An der Universität ist es Jimmy, als könnte er sich mit jedem Buch von seiner Herkunft weg zu einem anderen Menschen lesen, „mich so sehr mit Geschichten anfüllen, dass die eigene keine Rolle mehr spielte“.
Spiegelbildlich dazu verhalten sich die „Jahre mit Martha“. Das Exemplarische von Jimmys Lebensumständen überführt dieser schmerzlich-schöne Liebesroman in das Besondere einer Geschichte. Selbstbewusst zwinkert er Werken der Weltliteratur wie D. H. Lawrences „Lady Chatterley“ zu, die dem jungen Gärtner in der Bibliothek der Heidelberger Villa einmal begegnet sein mögen. Unabhängig von der eigenen Herkunft liegt für alle das Versprechen darin, sich zu einem anderen Menschen lesen zu können.

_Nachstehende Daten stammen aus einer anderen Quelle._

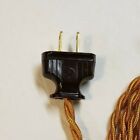 12  Gold Twisted Cloth Covered Wire   Plug  Vintage Style Lamp Cord  Rayon 403j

Martin Kordić: Jahre mit Martha. Roman. S.-Fischer-Verlag. 288 Seiten, 24 Euro.
Autor
Martin Kordić wurde 1983 in Celle geboren und wuchs in Mannheim auf. Er studierte in Hildesheim und Zagreb. Seit über zehn Jahren arbeitet er als Lektor in Buchverlagen, zunächst in Köln, heute in München. Für seinen Debütroman „Wie ich mir das Glück vorstelle“ erhielt er den Adelbert-von-Chamisso-Förderpreis sowie die Alfred-Döblin-Medaille. Sein zweiter Roman „Jahre mit Martha“ wurde mit dem Tukan-Preis der Stadt München sowie dem Förderpreis des Bremer Literaturpreises ausgezeichnet.
Lesung
Am 22. November ist Martin Kordić mit seinem Roman im Literaturhaus Stuttgart zu Gast, zusammen mit Daniela Dröscher. Sie stellt ihren Roman „Lügen über meine Mutter“ vor, der auf der Shortlist für den Deutschen Buchpreis stand. Auch darin werden Fragen der Herkunft, der Ausgrenzung und des sozialen Aufstiegs verhandelt.